One thing that is really important is to ensure your mailing list is clean. This means everyone in that list has specifically subscribed to your content. For example, if you have paid for a mailing list from another company, none of these email addresses have signed up for information from you, so it could land in junk.
Click-through rate (CTR) refers to the number or percentage of people who click the links in your email. Although open rate is useful, CTR is a more important measurement if you are trying to get people to visit your website, your social media channels or do something online after reading your email.
Your email marketing provider will be able to tell you exactly which links in your emails are being clicked, which can help you understand which are the most popular parts of your email. For example, if your CTR is always higher on links near the top of the email, rather than the bottom, you’ll know to put your most important links there to encourage people to click them.
As the name suggests, this refers to the number or percentage of people who are unsubscribing from your email marketing. This is a useful number to keep an eye on as it helps you understand whether your subscribers like what you’re sending them – or if they really don’t.
You might have a high unsubscribe rate if:
You send emails to your subscribers too frequently
The information you send them isn’t useful or relevant
You offer an incentive for people to sign up (like a voucher), which they use and then unsubscribe
Your subscribers haven’t signed up voluntarily
Number or letter codes
This isn’t a measurement that your email marketing provider will give you, but if you’re providing codes for vouchers, discounts or special events in your email marketing then it’s important to measure how many people are using them.
This is especially useful for businesses with physical premises who might want to use email marketing to get people to visit them. For example, if you run a restaurant you might offer a unique code through your email marketing, like EASTER20 for a 20% discount on every booking over the Easter bank holiday. If people quote this code when they book their meal, you’ll know your email marketing has had an effect.

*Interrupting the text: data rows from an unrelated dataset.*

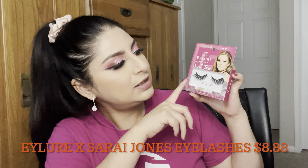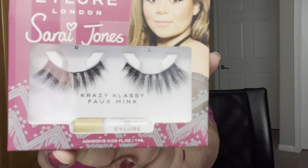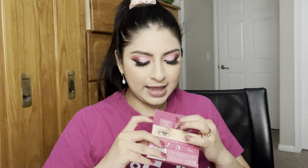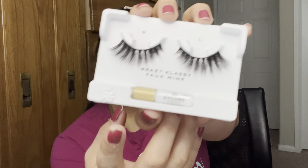The first product I see is some lashes — I did choose the lashes. This is from the brand Allure London, in collaboration with Sari Jones. The lashes are really pretty and wispy, which I like because they give you a cat-eye look. They're really pretty and bold, more of a dramatic look. It also comes with a mini Eye Lord lash glue. I haven't tried this glue — I'm currently using the Kiss glue, but I feel like my lashes start coming off after an hour or two.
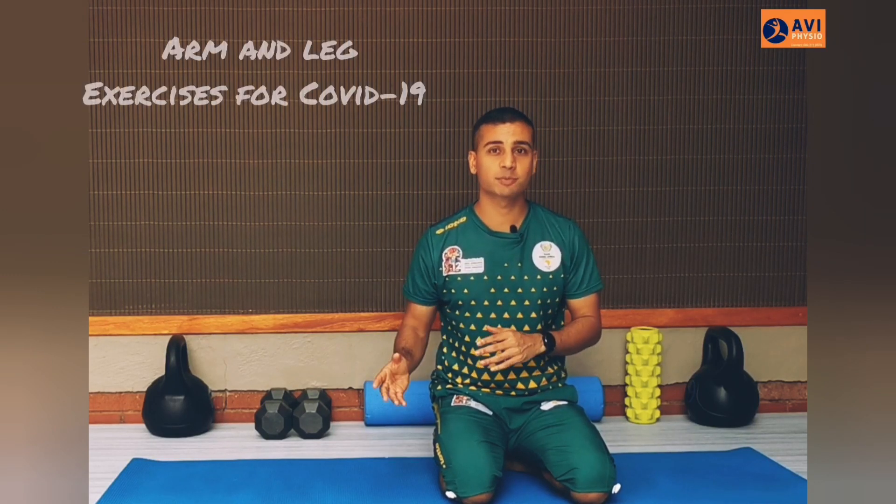If you've contracted COVID-19 and were looking for an exercise program that you can do at home, you need to watch this video. Hey friends, Avi Fuzio here — in today's video I'm going to show you a basic limb exercise program that you can do at home.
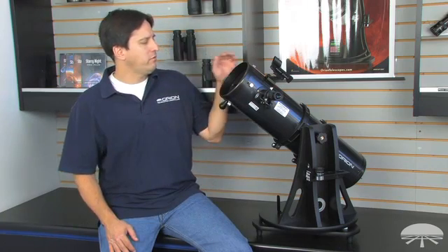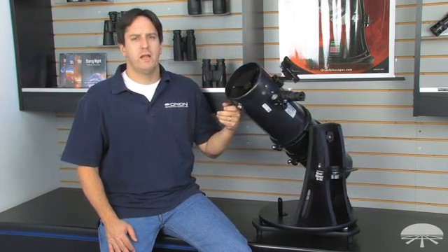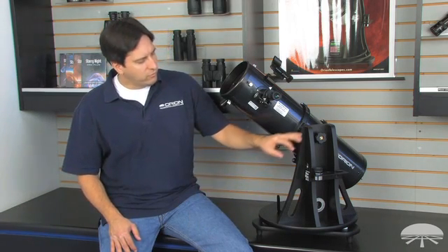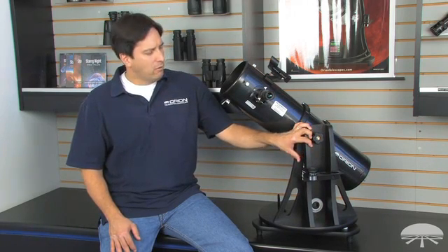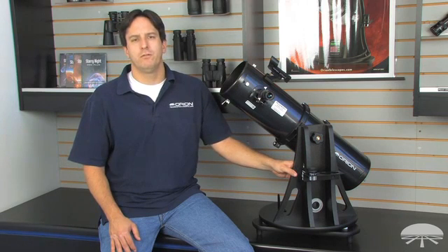Hi, my name is Jeremy with Orion Telescopes and Binoculars, and this is the Starblast VI Reflector Telescope. It has a 6-inch aperture and features a focal length of 750 millimeters, which will give great views of the planets, the moon, and brighter deep space objects. It sits on a sturdy, pre-assembled, easy-to-use Dobsonian base, and it all weighs only 23.5 pounds, making it a great grab-and-go telescope.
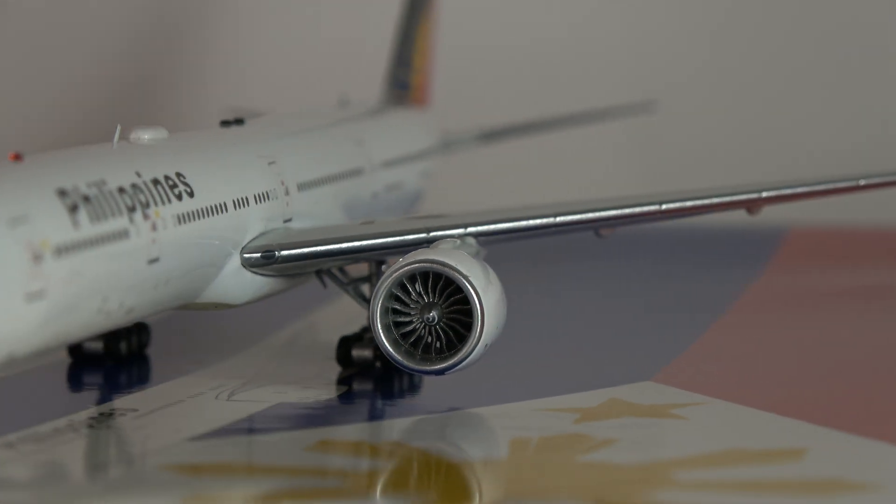Moving along, you've got the overwing exit marking, and these two little black pieces on top — I'm not sure what those are actually for, but a very nice touch. You've got the L4 door, the Boeing 777-300ER registration, the Philippines flag, L5 door, more antennas, and another dome — very nice. Coming down to the tail cone and APU area, great detail. The horizontal stabilizer looks great, as does the tail fin with the sort of half-sun livery element.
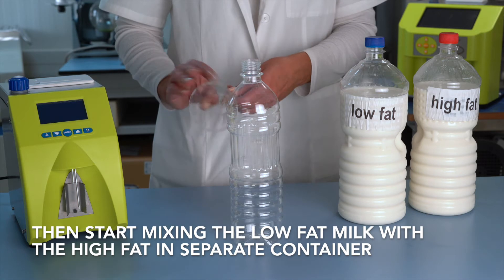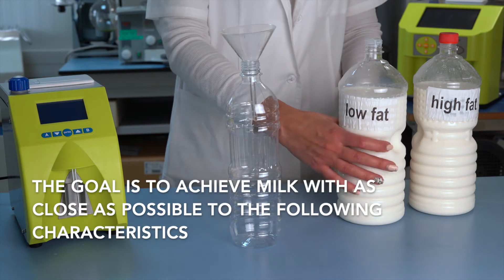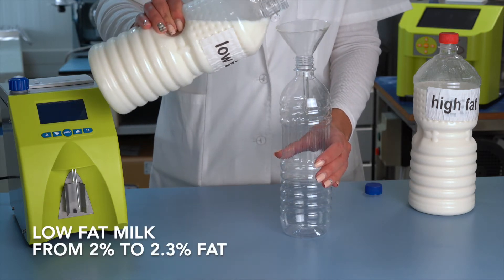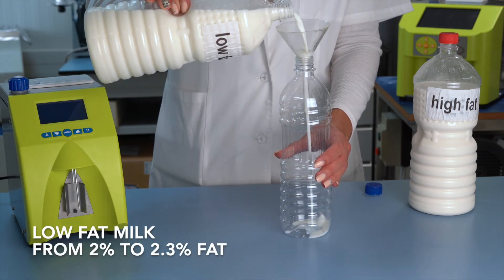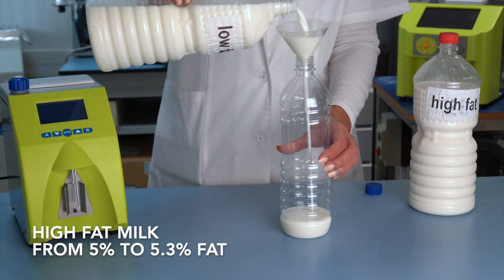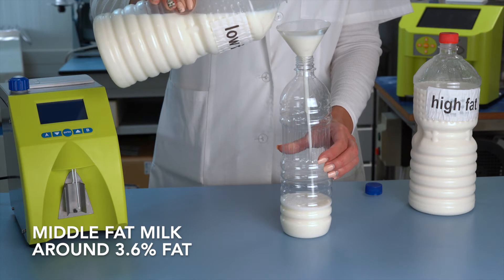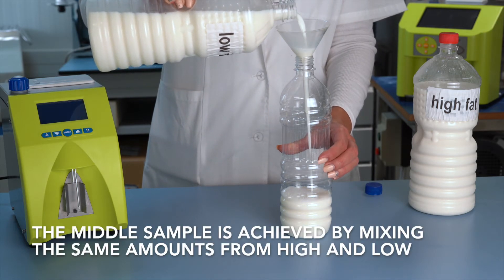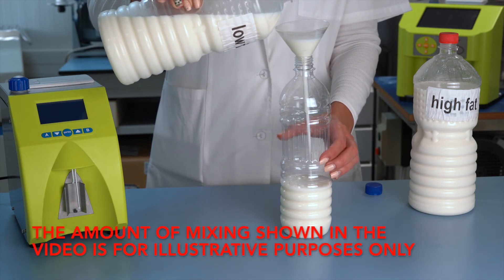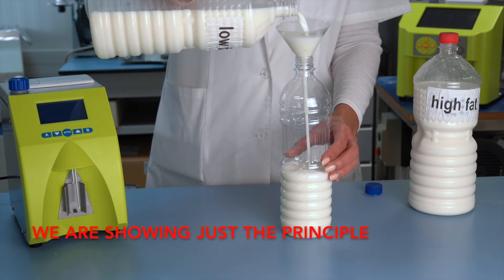Then start mixing the low-fat milk with the high-fat milk in a separate container. The goal is to achieve milk with characteristics as close as possible to the following: low-fat milk from 2% to 2.3% fat, high-fat milk from 5% to 5.3% fat, and middle-fat milk around 3.6% fat. The middle sample is achieved by mixing equal amounts of high and low. The amounts shown in the video are for illustrative purposes only — we are showing just the principle.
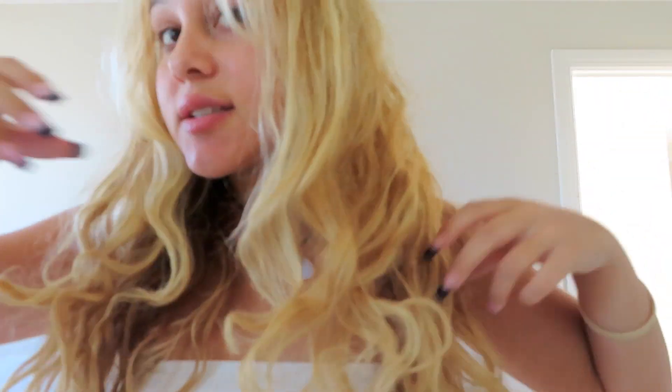Hey guys, so today we're going to be doing an updated hair and makeup routine, like a get ready with me. With my hair, we're going to be focusing on reviving my curls. I washed my hair a couple days ago — it doesn't look like it — and I had it in a bun, which is why the curls ended up weird. For makeup, we're doing what I usually do when I'm taking Instagram pics and making TikToks — not everyday makeup, but everyday content-making makeup.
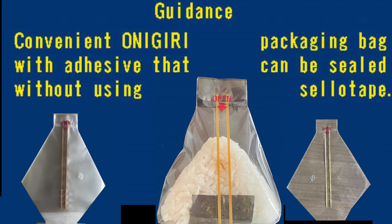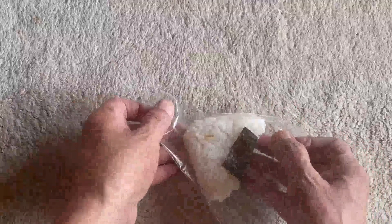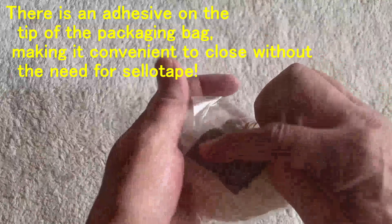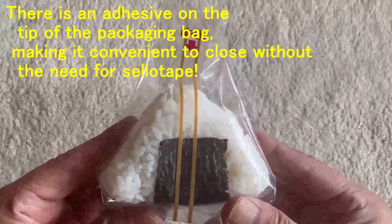Convenient Gyri packaging bag with adhesive that can be sealed without using Sellotape. There is an adhesive on the tip of the packaging bag, making it convenient to close without the need for Sellotape.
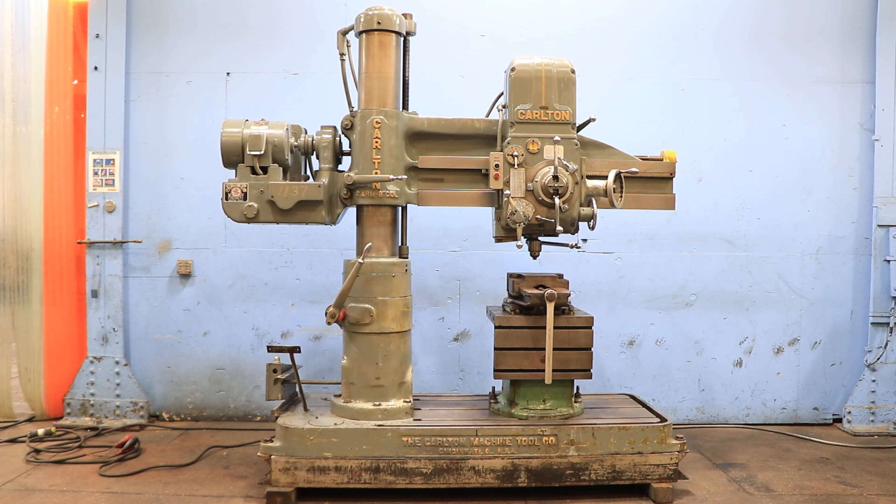We have a Carlton Radial Drill, model 1A. It has a 4-foot arm and 9-inch column. Machine serial number is 1A3714. Machine was new in 1962. This machine is in nice condition. We're gonna run it for you.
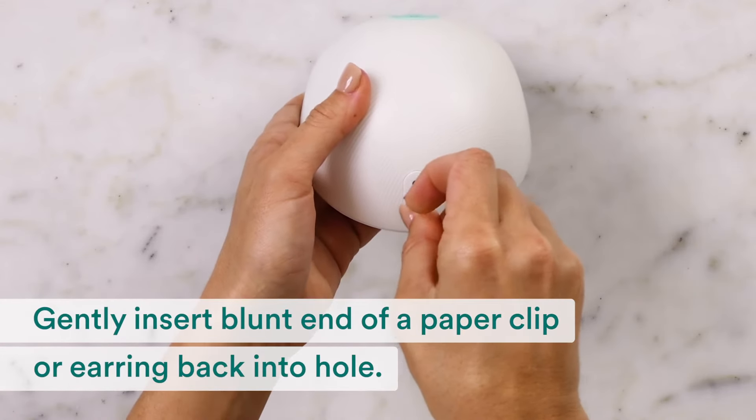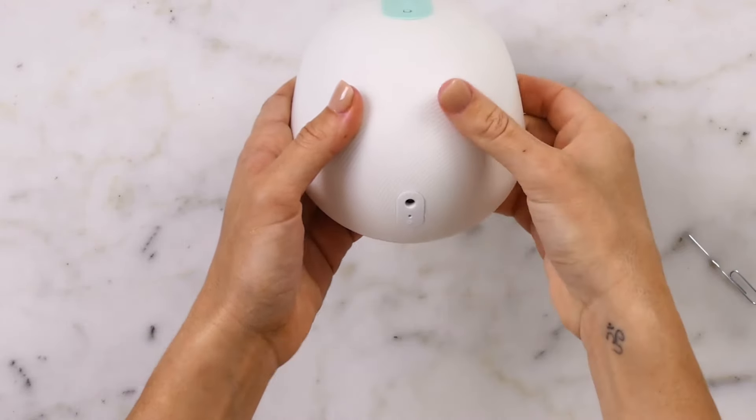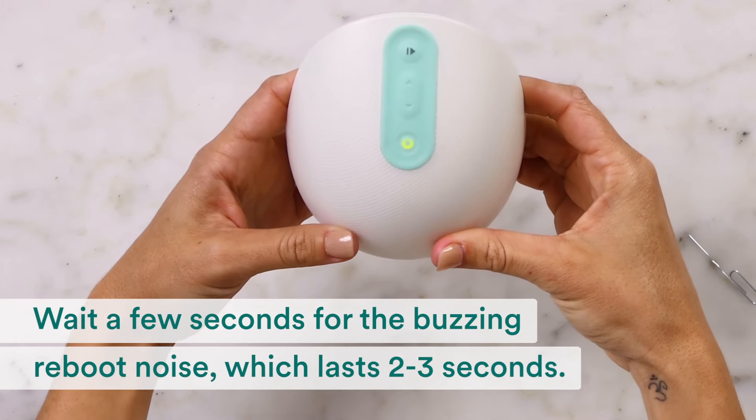Gently insert the blunt end of a paper clip or earring back into the hole until you feel a slight resistance. Pull the paper clip or earring out and wait a few seconds for the buzzing reboot noise.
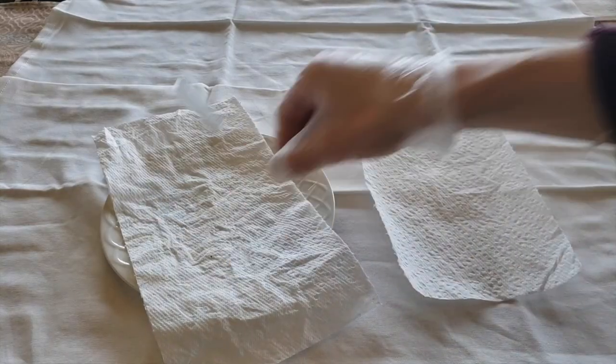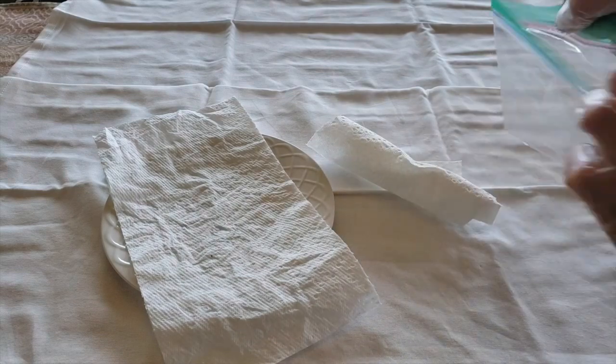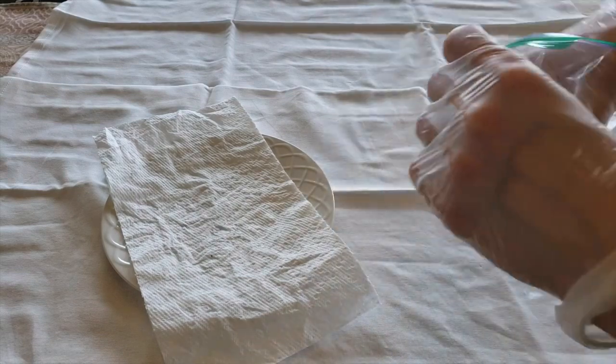When the items are dry, carefully wrap them in a clean paper towel. Place the clean brush in a plastic zip-top bag and store it away for future use.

What’s important here is that everyone in your team knows about and records when this code is used. In the example above, you might need to record when the code is used:
Online, if you have an online booking system
On social media, if you allow bookings through these channels
Over the phone In-person at the restaurant
When people pay the bill
By looking at a combination of these measurements, you’ll be able to see whether your email marketing is helping you drive more sales and get more customers.